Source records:

= = = = = = =

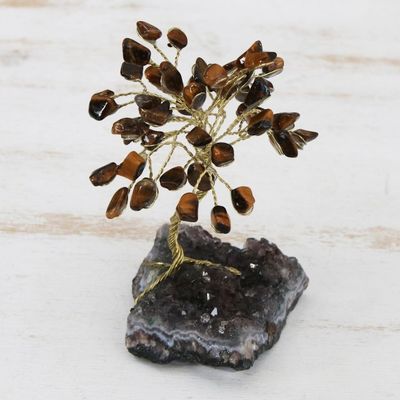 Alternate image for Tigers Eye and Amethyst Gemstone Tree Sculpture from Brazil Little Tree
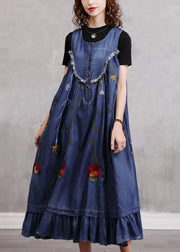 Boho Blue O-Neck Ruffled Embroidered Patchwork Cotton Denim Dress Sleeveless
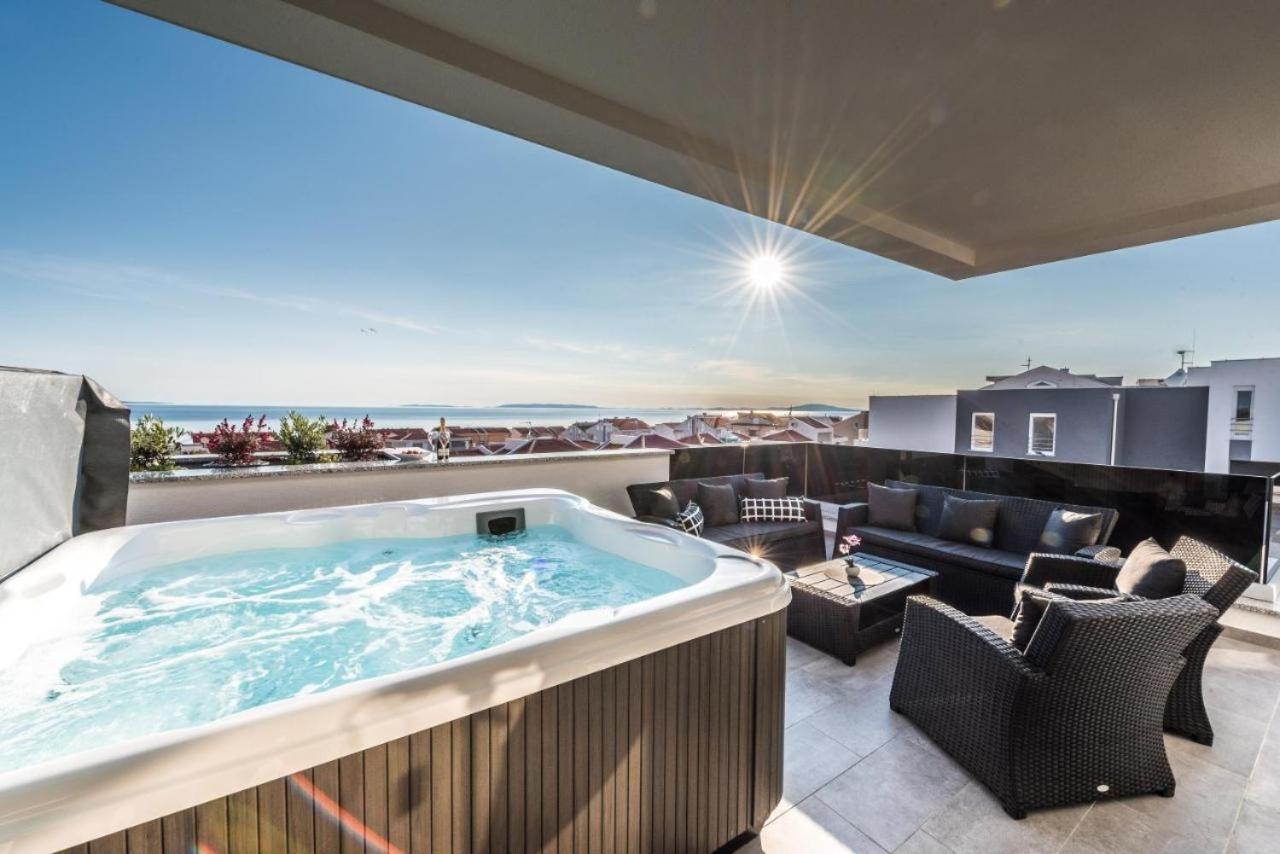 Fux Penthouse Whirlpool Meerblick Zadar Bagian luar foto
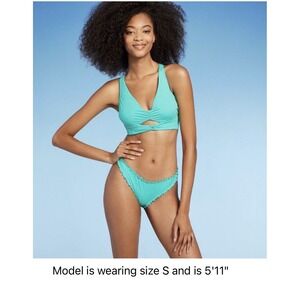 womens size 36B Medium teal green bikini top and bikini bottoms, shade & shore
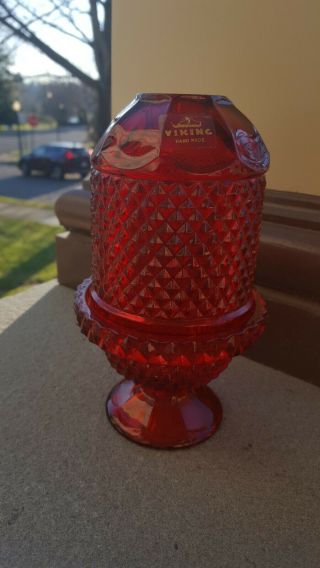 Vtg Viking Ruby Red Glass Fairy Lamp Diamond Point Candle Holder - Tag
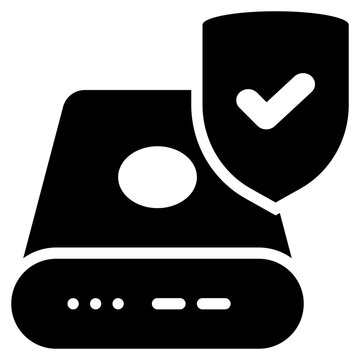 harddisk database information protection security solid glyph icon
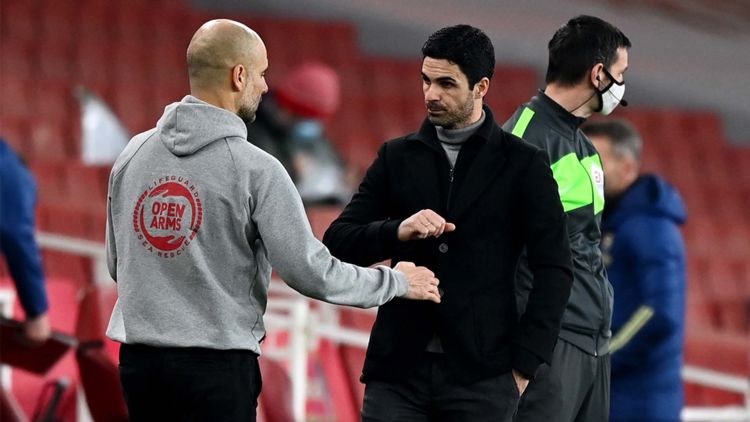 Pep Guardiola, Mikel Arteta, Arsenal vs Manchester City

= = = = = = =

• TASK OBJECTIVE: The reply is to be all the records above, transcribed exactly, with no pictures.

• OUTPUT:
 Alternate image for Tigers Eye and Amethyst Gemstone Tree Sculpture from Brazil Little Tree
 Boho Blue O-Neck Ruffled Embroidered Patchwork Cotton Denim Dress Sleeveless
 Fux Penthouse Whirlpool Meerblick Zadar Bagian luar foto
 womens size 36B Medium teal green bikini top and bikini bottoms, shade & shore
 Vtg Viking Ruby Red Glass Fairy Lamp Diamond Point Candle Holder - Tag
 harddisk database information protection security solid glyph icon
 Pep Guardiola, Mikel Arteta, Arsenal vs Manchester City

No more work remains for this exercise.